Quite a while ago I read The Calligrapher's Daughter. It was terrific. At the time I was shocked to realize that novel was the first book I ever read that was set in Korea. That's odd for a lifetime of reading, don't you think? Finally going on two years later I have read my second novel set in Korea, Please Look After Mom by Kyung-sook Shin. Two books in decades of reading? It makes me wonder where Publishers have been keeping Korea.
Please Look After Mom is an excellent, contemporary novel set in Seoul. In it a Mother goes missing at a subway station. The story of her disappearance is told in turns by her daughter, son, husband and the Mother, Park So-nyo, herself. From what I've read Please Look After Mom was a big bestseller in Korea and Shin has written several novels that have been both commercial successes and prize winners in her homeland. This is her first novel to be translated into English.

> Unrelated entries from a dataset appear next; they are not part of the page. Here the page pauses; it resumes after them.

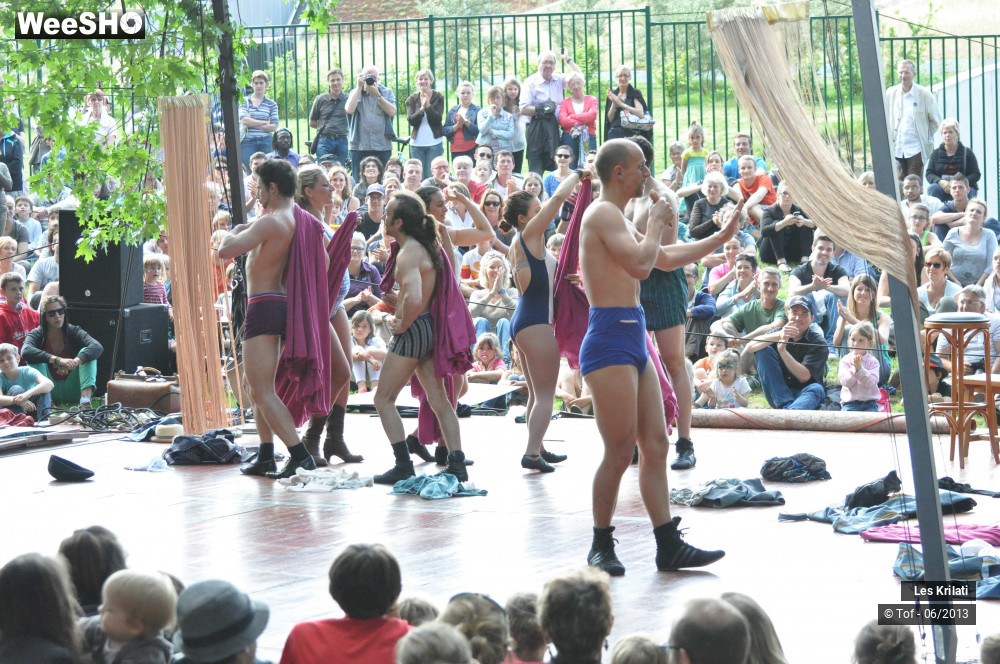 4/50 photos du spectacle Le cabaret des K.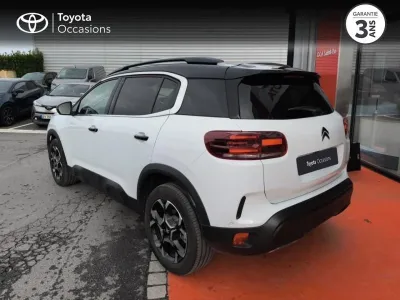 CITROEN C5 Aircross 1.2 Hybride 145ch BUSINESS boite automatique occasion 2025 - Photo 2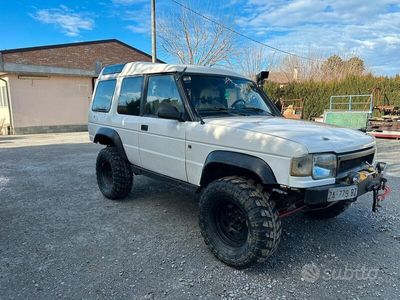 usata Land Rover Discovery 300 TDI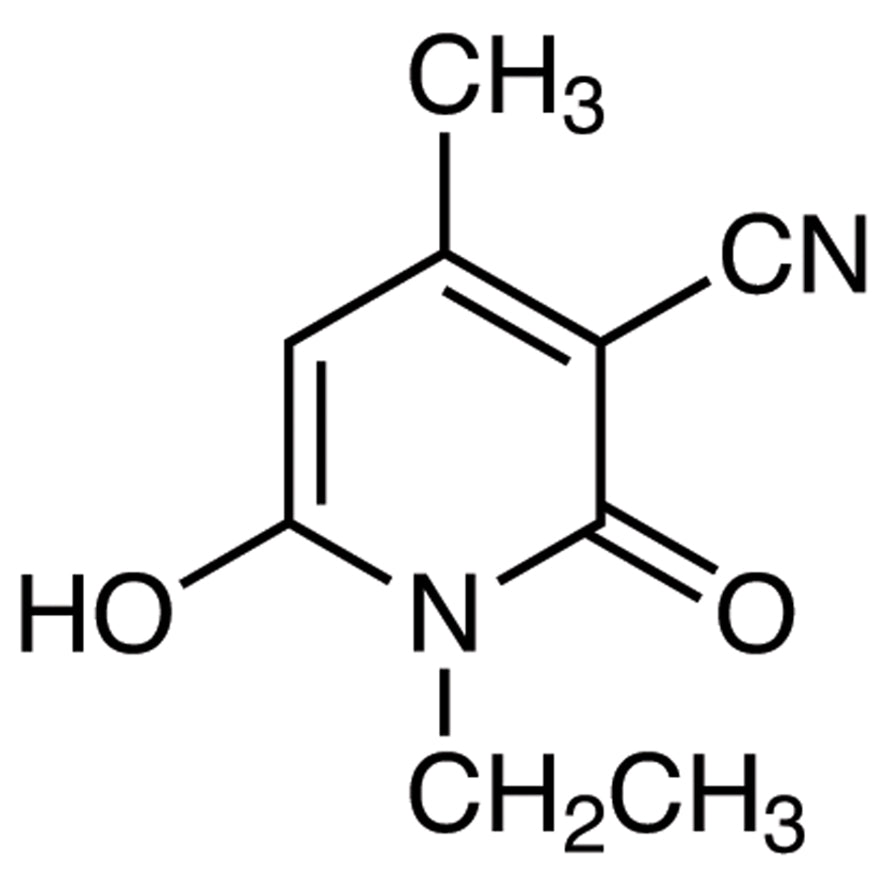 TCI C2785 28141-13-1 3-Siano-1-etil-6-hidroksi-4-metil-2-piridon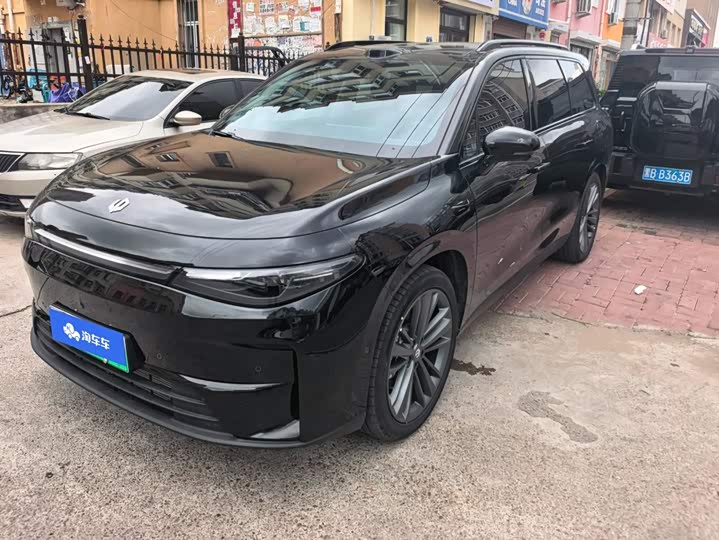 Leapmotor C16, 2026 — купить в Туле под ключ
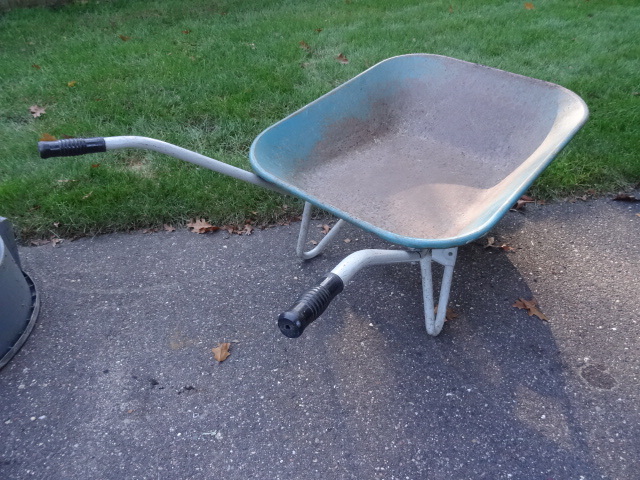 Wheel Barrow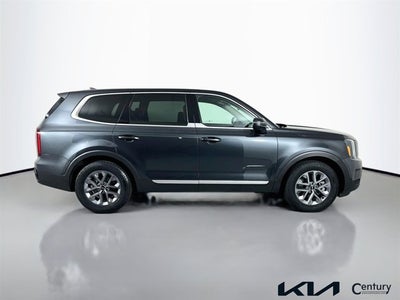 2024 Kia Telluride LX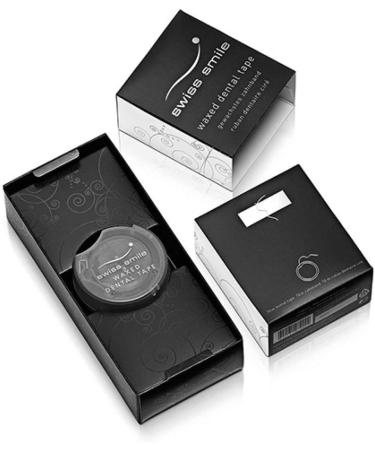 Buy Swisssmile Waxed Dental Tape - Premium Oral Care from SwissSmile | International Shipping Available - Buy Online on GoSupps.com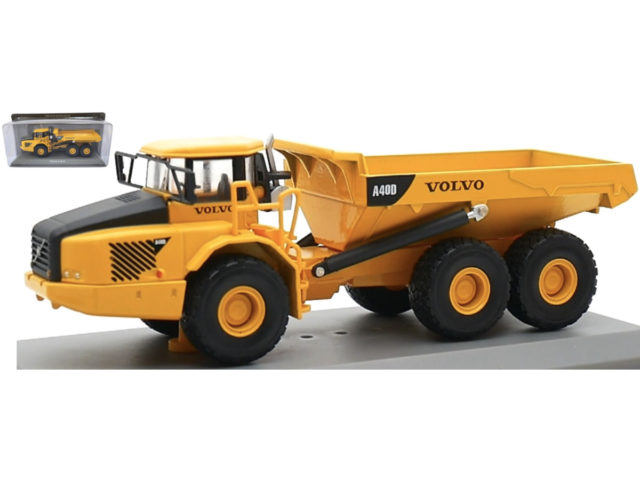 Volvo A40 D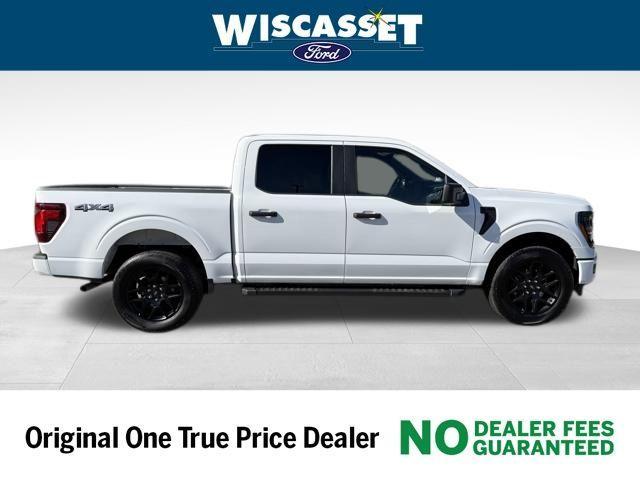 used 2025 Ford F-150 car, priced at $47,995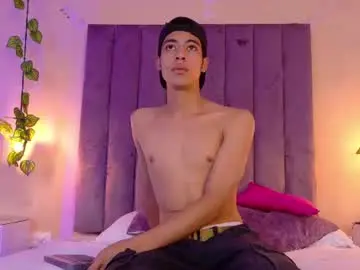 Chaturbate Live Porn of liam_mercurio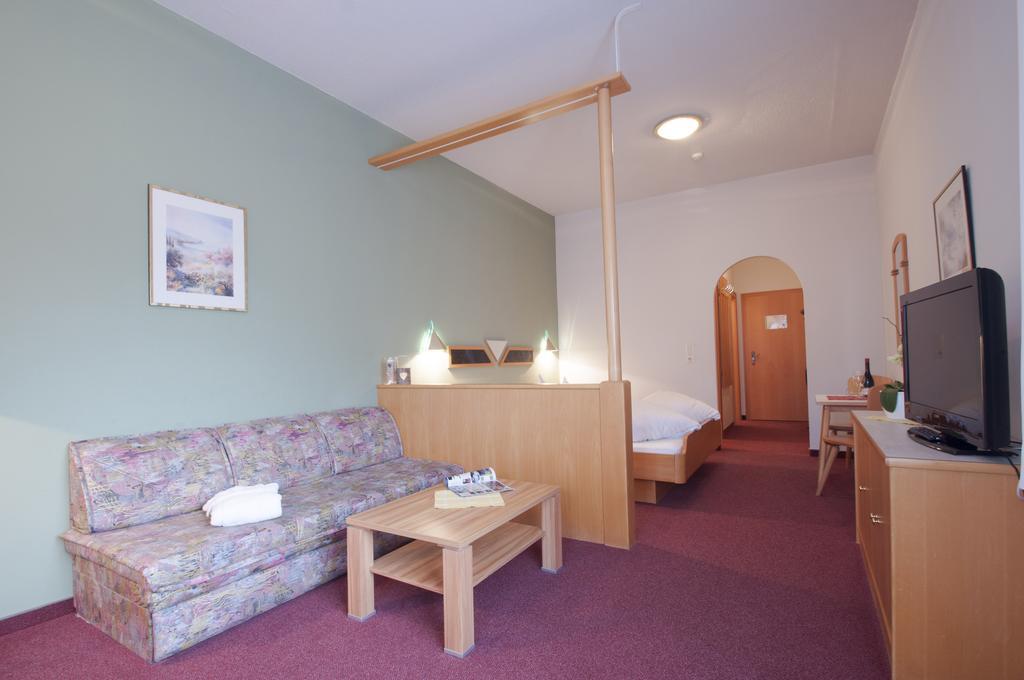 Hotel Alpenfriede Jerzens Kültér fotó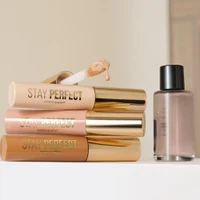 Flormar Stay Perfect Liquid Concealer New 003 Soft Beige 4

It happens at a busy subway stop. Father is aggressive, rushing, Mother lags behind for a moment and suddenly they are separated. The family is understandably upset. As hours turn into days and days turn into weeks everyone has plenty of time for anxious reflection. They try to reconcile the powerhouse, invincible Mother they knew with the old woman she has become and the vacancy she has left. They wonder at the lengths she has gone to, the sacrifice of self she has made to give them all as much as she could toward what they want. They are by turns: devastated, hopeful, resentful, thankful and finally desperate to find out what has happened.
As with any crisis, events lead family members to question their relationships, to examine the past with fresh eyes. Park is illiterate, a farmer's wife, a woman with seemingly no worldly experience. She has played the role of the traditional Korean housewife. Shin uses Park's husband and eldest son and daughter as the guides in exposing who this missing woman is, all that she has done and how she has been viewed and treated. Mother's physical disappearance is recent but her absence from their lives as the figure they knew has been coming on for years. The woman they love and need verses the elderly shell described in the missing posters is a powerfully disturbing for all of them.
It is impossible to read a novel like this and not put yourself emotionally into everything the family is experiencing in a very personal way. However Please Look After Mom is no old fashioned, florid, mother-love saga like the kind Fannie Hurst and Edna Ferber used to write or something you see on the Hallmark channel. The four singular voices Shin created aren't manipulated by her for cheap sentiment. Shin uses quiet, precise writing to gain your empathy for her characters, the urgency of the search and show us the changes happening in Korea. The characters are on a journey that will teach them all they don't know and what they value. Shin shows us how a break can occur in any family, in any culture, no matter how strong.
P.S. The title? I don't know if the title is a literal translation of the Korean title or not. Please Look After Mom. It has an odd feel to it doesn't it? It's a sentence. The cover? It looks as if should have a 'movie tie in' banner across the bottom.